= What needs to be done =
Find "Pear Poster" below and begin at its line; stop after the line with "Thoroughbred-Stute Magnet". Output those lines exactly, without pictures.

= Supplied material =
——————

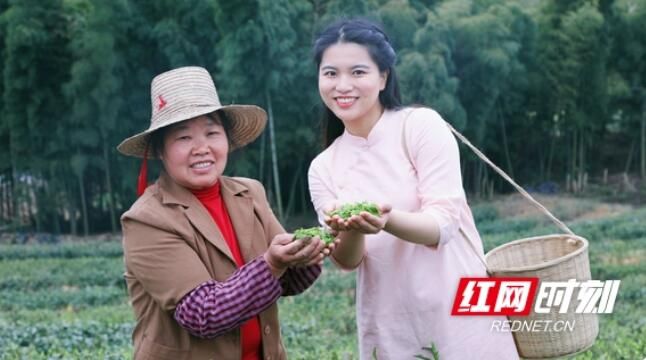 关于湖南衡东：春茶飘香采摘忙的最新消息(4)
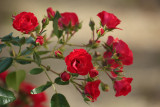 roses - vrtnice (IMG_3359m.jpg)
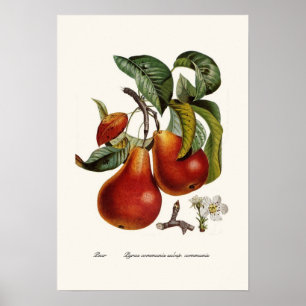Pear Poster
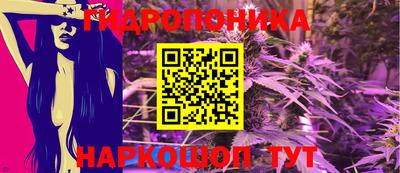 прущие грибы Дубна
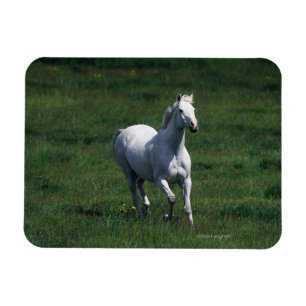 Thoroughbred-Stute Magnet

——————

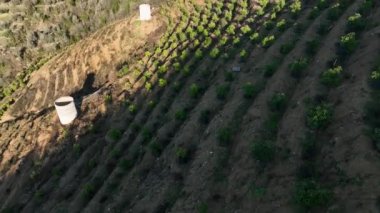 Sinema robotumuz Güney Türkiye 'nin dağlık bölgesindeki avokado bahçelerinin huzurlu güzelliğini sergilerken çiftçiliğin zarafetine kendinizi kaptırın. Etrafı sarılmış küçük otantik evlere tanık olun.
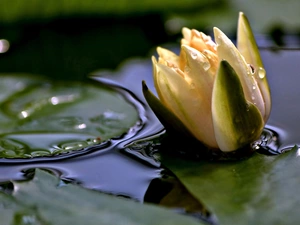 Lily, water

——————

= Exercise output =
Pear Poster
 прущие грибы Дубна
 Thoroughbred-Stute Magnet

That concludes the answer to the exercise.